Obligatory camel “tourist” photo.
Tourism in Egypt is a big part of the experience and a large part of the economy. Egypt is proud of its past, but what I am interested in the present. How do cemeteries reflect the living? However, in order to really understand the present, acknowledging the greatness of the country’s history is essential. One can see this through the tourism, and after spending a week as a “tourist” with my Aunt, I think I have learned equally much as the previous three weeks trying to “live” here. And these discoveries aid my research questions as I see the dilapidation of grand ancient mausoleums, the rise of simple family oriented religious burials, and the great disparity of wealth and class — which causes people to live in the cemetery.

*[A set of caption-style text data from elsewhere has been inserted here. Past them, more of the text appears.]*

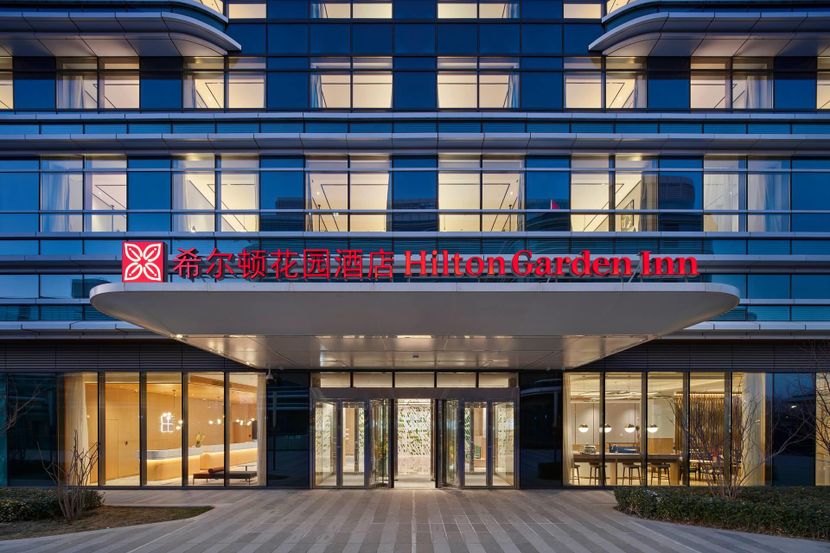 HILTON GARDEN INN BEIJING DAXING INTERNATIONAL AIRPORT (北京大兴国际机场希尔顿花园酒店) - 2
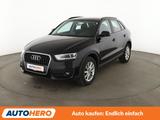 Audi Q3 2.0 TDI*TEMPO*PDC*SHZ*ALU*KLIMA*CD*GARANTIE* - Audi Q3 mit Diesel-Antrieb: Geländewagen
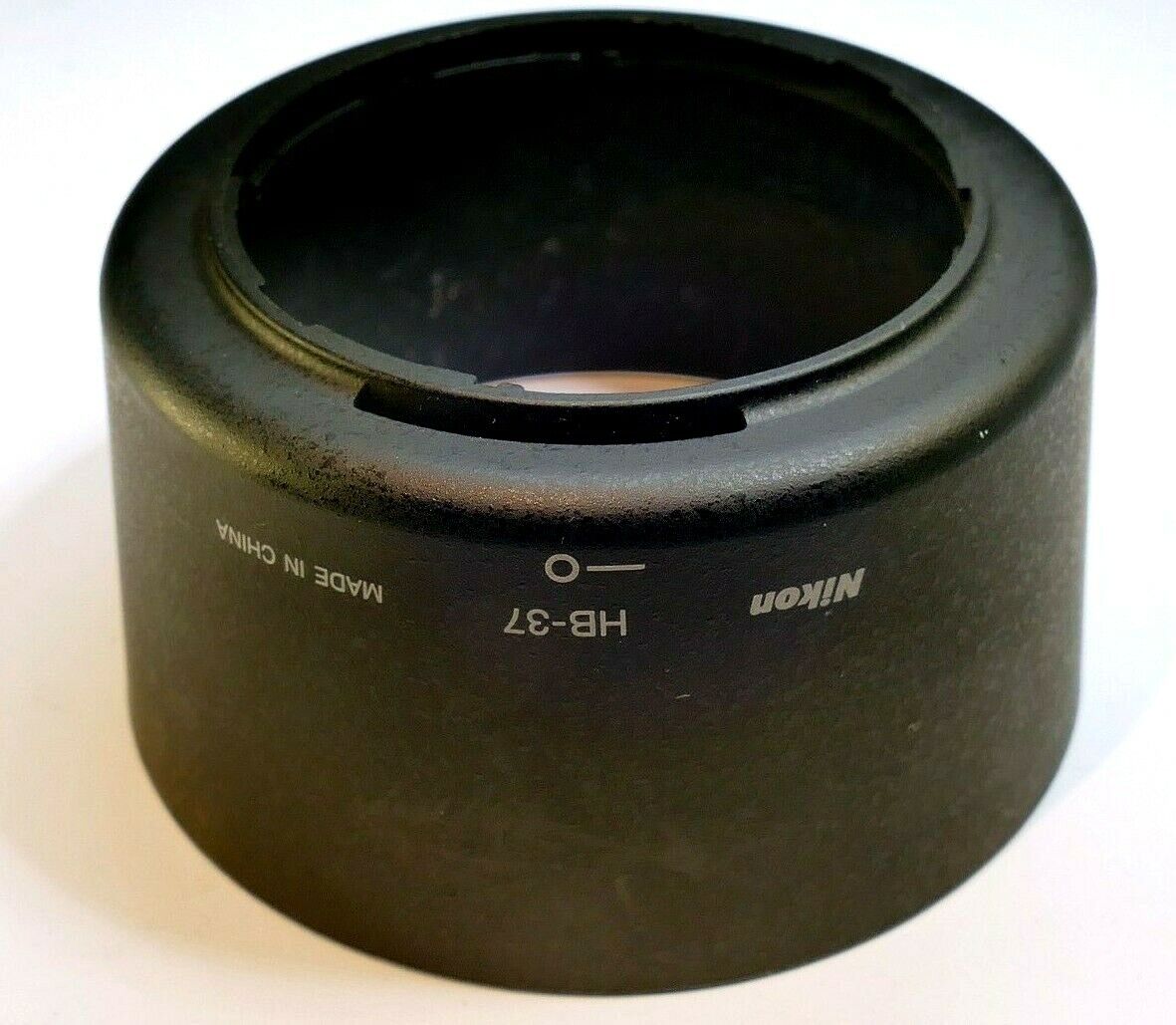 HB-37 Lens Hood Shade for Nikon 55-200mm F4-5.6G ED-IF AF-S DX VR Genuine OEM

- Egypt is proud of its monuments and history. There are many layers and aspects to the country with great periods: the ancient Egyptian and pharaohs, the old Islamic parts of Cairo, the old Christian parts of Cairo, the Mamaluk rulers, the sultans, and even the the Nubian community. You can get a degree in “Egyptology” and work exclusively in trying to make new discoveries about the past.There is still a lot unknown. Even my cab drivers are eager to point out important buildings or tell me a bit of history here and there, and it seems like everyone knows stories from the ancient past.
- Egypt makes money from its past and tourism is a major part of the economy, but now no one is coming here to see the past because of its present.
- People are waiting for tourism, but it is not coming and this can be very depressing. I visited Luxor and Aswan at the peak of tourism, christmas. There used to be 300 boats cruising the Nile and now there are about 40 that half empty. This is when foreigners would theoretically escape the cold and see the wonders of the ancient world. On our ship there were maybe 50 people and the crew was busy repairing the ship deck during the cruise. But this was the peak crowd! It was as if they were waiting and preparing for the larger crowd to come, but in reality we were it. This was sad.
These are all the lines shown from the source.